A iniciativa começou por ser conversada em pequeno grupo, que depois se foi alargando até constituir uma comissão promotora de uma centena de membros. O Presidente da República associou-se à proposta dando- lhe o seu alto patrocínio. O documento diz que a jornada pretende “dar densidade, rosto, vida e sentido colectivo aos números, estatísticas e gráficos com que todos fomos confrontados desde março de 2020”, prestando tributo, de modo especial, aos que partiram, mas também acolhendo o sofrimento de quem foi afectado “pela pandemia e suas consequências”. Ao mesmo tempo, pretende-se “celebrar e agradecer a todos os que cuidaram da saúde e minoraram o sofrimento e a dor de tantos” e “afirmar a vontade de viver em comunidades que não querem deixar ninguém para trás”. Na declaração inicial, apresentam-se ainda sugestões de iniciativas e formas de as concretizar. Desde logo, propondo “dar corpo a tudo o que a pandemia nos deixa na memória, recorrendo a todas as linguagens expressivas, que não apenas, nem sobretudo, o discurso falado”.

Sinos a tocar, velas nas praças ou nas casas
Uma primeira sugestão é que, num dos dias, os sinos das igrejas toquem ao meio-dia e que as famílias coloquem, à noite, uma vela num espaço público colectivo ou na janela de casa. Instituições religiosas, com os seus rituais próprios, autarquias, escolas, instituições de saúde e de acção social ou protecção civil, bem como actores culturais são também referidos como âmbitos possíveis onde se podem organizar iniciativas. De igual modo, os meios de comunicação social são convidados a tomar iniciativas editoriais e de programação que entendam adequadas para assinalar a proposta.

“As iniciativas deverão ter um carácter aberto, plural e inclusivo, podendo assumir formas como celebrações cívicas, celebrações religiosas/ecuménicas, concentrações, desfiles, vigílias, tempos (minuto) de silêncio, cordões humanos, instalações artísticas, sessões musicais ou performativas (dança, poesia, teatro, murais…)”, sugere ainda o documento. Um site de informação onde se registam todas as iniciativas e propostas sobre o que se pode fazer, está entretanto disponível em www.memoriaeesperanca.pt, onde também se pode ler o documento inicial.

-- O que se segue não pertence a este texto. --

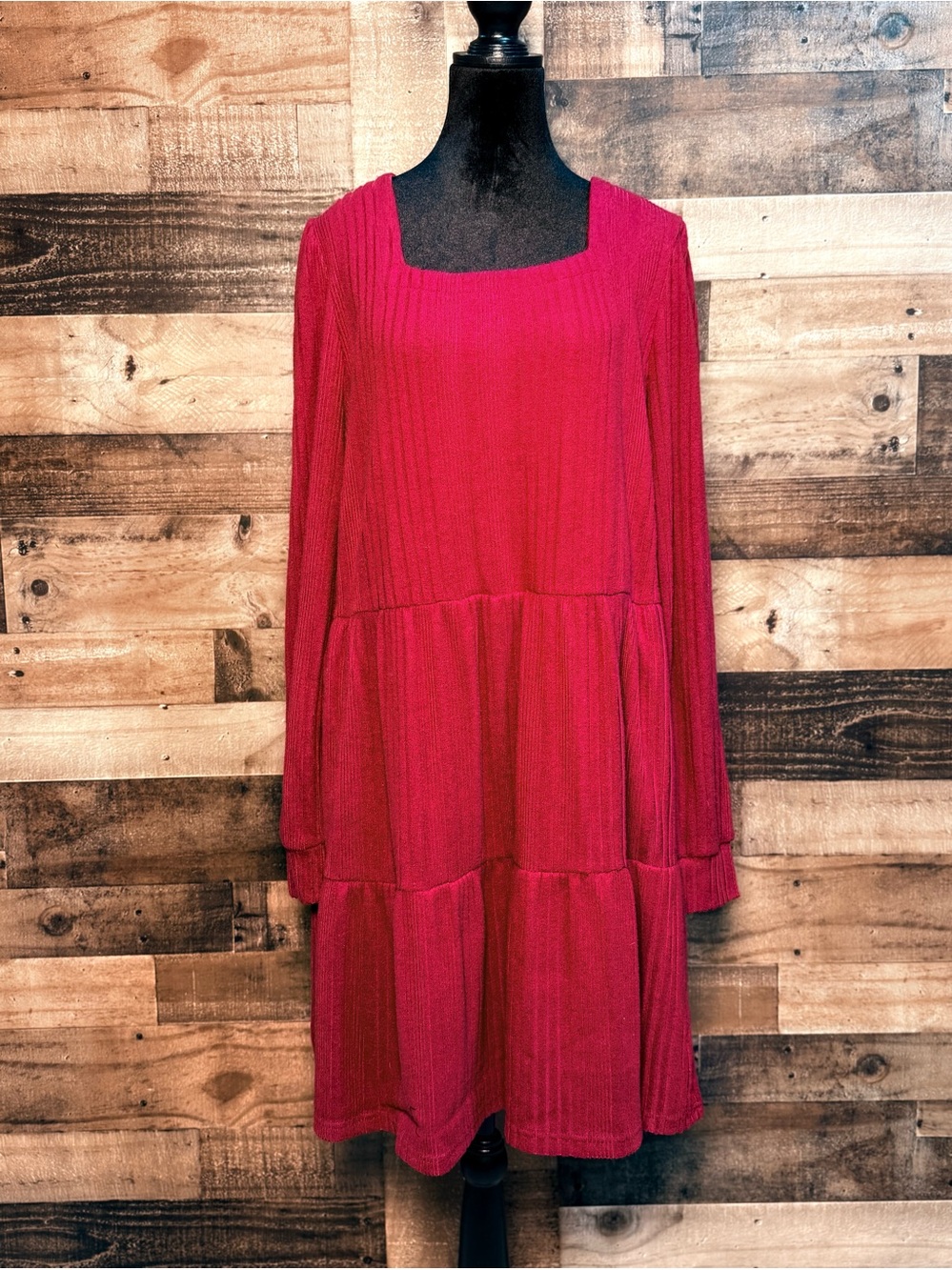 Sampeel Women’s Red Tiered Long Sleeve Dress XXL 2X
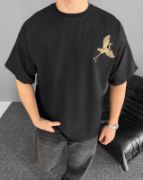 Ön Ve Arka Baskılı Oversize Bisiklet Yaka T-shirt - Siyah resmi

O texto justifica a proposta: “Ao olhar para a fase pós-pandemia na realidade que nos é mais próxima, não podemos esquecer, não podemos fazer tábua-rasa, da experiência traumática que o último ano representou para centenas de milhares de portugueses que viveram e vivem momentos trágicos.” Por isso, acrescenta, é necessário também afirmar a esperança, “conscientes do risco que existe de regresso ao velho normal”: “Esperança por estarmos mais preparados para enfrentarmos juntos os desafios da pós-pandemia e outros que se nos coloquem. Esperança fundada nos actos de solidariedade, dedicação e atenção de que fomos actores e testemunhas ao longo deste longo ‘inverno’.” E também esperança de “não desistir de pensar um outro mundo, de questionar o modelo de sociedade centrado no ter e não no ser”, reconhecendo que “somos todos vulneráveis e interdependentes, que estamos todos no mesmo barco e que reconhecê-lo pode ajudar a superar o medo”.

Fazer o luto
“Fazer o luto é imprescindível”, afirma o texto de apresentação da jornada, que lembra ainda em especial os idosos “que perderam a vida ou a lucidez”. Os gestos colectivos ajudam “a curar as feridas e a seguir em frente” e o luto comunitário é igualmente importante: há uma dimensão “comunitária do luto que não resulta apenas do somatório dos lutos individuais ou familiares” e que “precisa de ser feito, porque a tragédia que eclodiu e o trauma que ela originou são sociais e globais”.

O documento recorda: “O rasto deixado é de desolação: o número dos directamente afectados caminha para os 180 milhões e, desses, perto de quatro milhões perderam a vida. Estamos perante uma tragédia de proporções avassaladoras.” Em Portugal, recorda ainda o texto, há já mais de 900 mil pessoas contagiadas (muitas das quais passaram por situações desesperadas de que estão ainda a recuperar física e psiquicamente) e mais de 17 mil vítimas mortais.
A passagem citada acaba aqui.